*** Opening of EXTRACTED MATERIAL ***
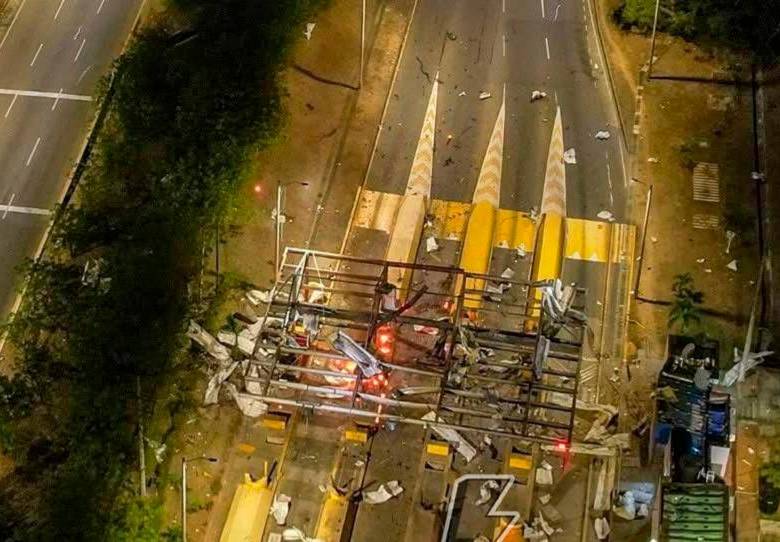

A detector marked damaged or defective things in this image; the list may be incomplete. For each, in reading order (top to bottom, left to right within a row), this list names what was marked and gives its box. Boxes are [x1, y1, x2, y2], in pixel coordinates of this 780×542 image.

damaged toll booth [652, 338, 732, 540]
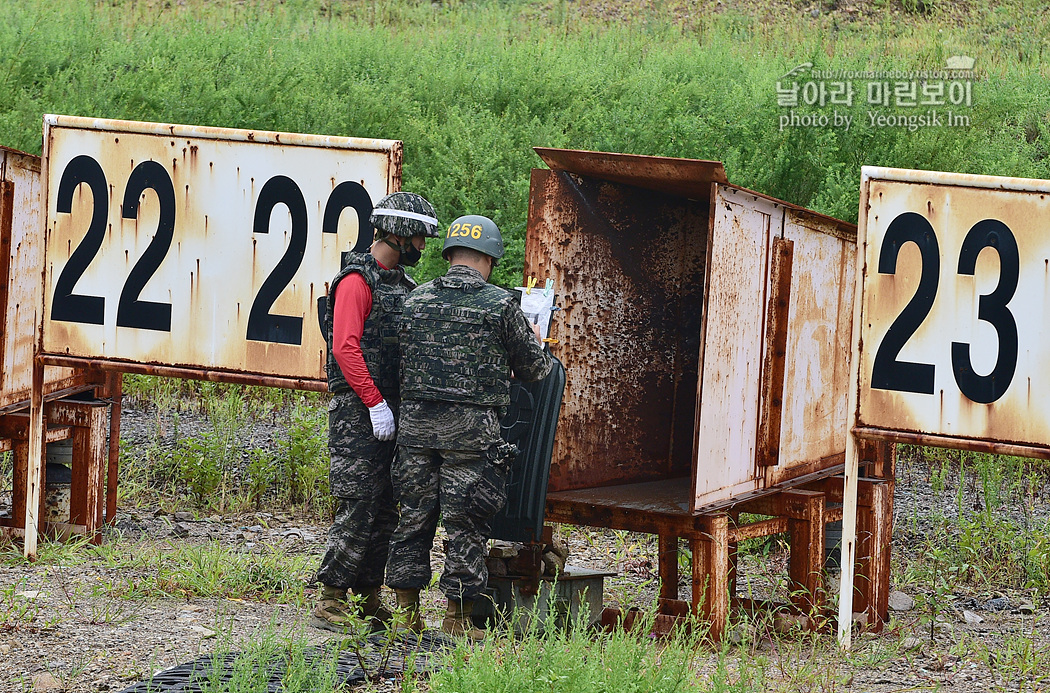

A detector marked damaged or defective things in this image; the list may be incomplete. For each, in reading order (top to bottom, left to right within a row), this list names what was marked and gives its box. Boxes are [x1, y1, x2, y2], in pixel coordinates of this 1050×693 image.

rusty metal panel [0, 143, 82, 409]
rusty metal box [0, 142, 99, 409]
rusty metal panel [38, 115, 396, 382]
rusty metal panel [522, 168, 705, 493]
rusty metal panel [537, 147, 726, 198]
rusty metal box [529, 150, 856, 514]
rusty metal panel [692, 186, 785, 506]
rusty metal panel [768, 208, 856, 485]
rusty metal panel [856, 168, 1050, 449]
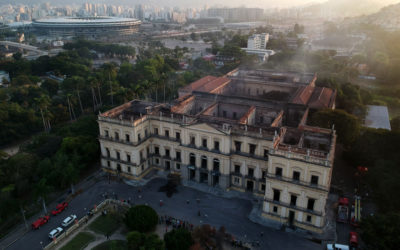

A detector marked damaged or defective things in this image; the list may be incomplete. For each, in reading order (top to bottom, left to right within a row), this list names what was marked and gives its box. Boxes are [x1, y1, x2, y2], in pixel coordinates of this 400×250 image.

damaged facade [98, 69, 336, 233]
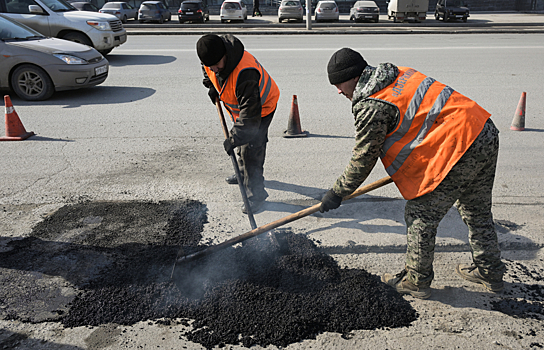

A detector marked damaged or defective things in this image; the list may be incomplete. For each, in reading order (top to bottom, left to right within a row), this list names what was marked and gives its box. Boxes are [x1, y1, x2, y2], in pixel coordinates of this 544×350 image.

pothole repair [1, 198, 416, 348]
fresh asphalt patch [0, 201, 540, 348]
*** Close of EXTRACTED MATERIAL ***
_YOUR INSTRUCTIONS_. Repeat exactly, and only, the lines from the one containing "this 544×350 image." through the last line above.

_SOLUTION TO THIS EXERCISE_.
A detector marked damaged or defective things in this image; the list may be incomplete. For each, in reading order (top to bottom, left to right within a row), this list names what was marked and gives its box. Boxes are [x1, y1, x2, y2], in pixel coordinates of this 544×350 image.

pothole repair [1, 198, 416, 348]
fresh asphalt patch [0, 201, 540, 348]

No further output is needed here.